(Data shown begins)

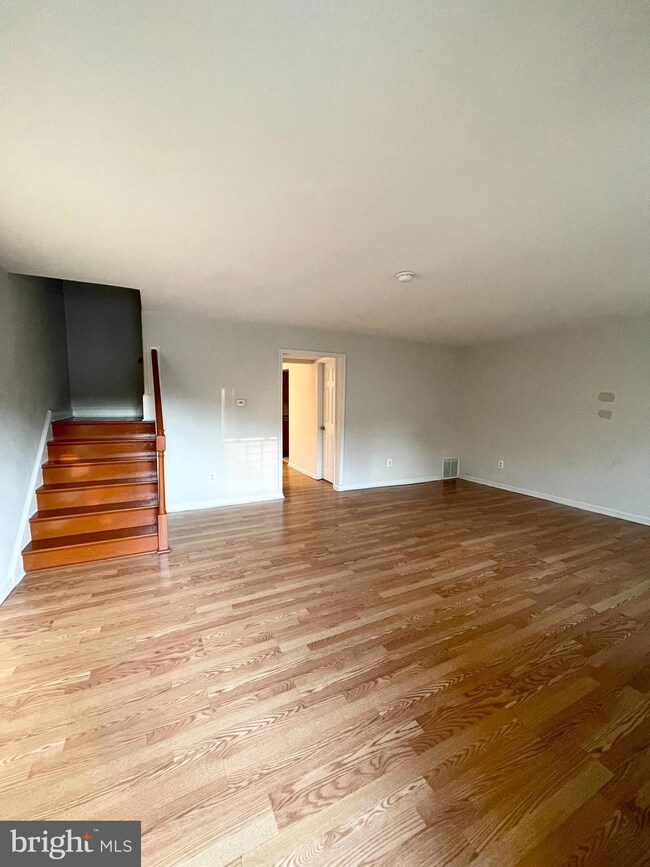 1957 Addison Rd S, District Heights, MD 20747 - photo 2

(Data shown ends)
(Data shown begins)

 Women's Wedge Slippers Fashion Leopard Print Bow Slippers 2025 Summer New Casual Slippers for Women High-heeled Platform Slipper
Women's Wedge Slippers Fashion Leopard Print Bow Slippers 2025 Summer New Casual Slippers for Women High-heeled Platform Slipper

(Data shown ends)
(Data shown begins)

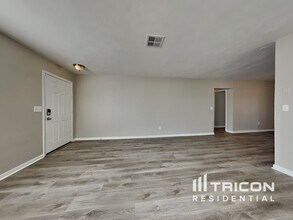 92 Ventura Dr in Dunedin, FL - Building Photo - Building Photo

(Data shown ends)

→ **Required action**: Exactly how many lines in the listing above hold the string "Women"? State the number by itself.

→ **Exercise answer**: 2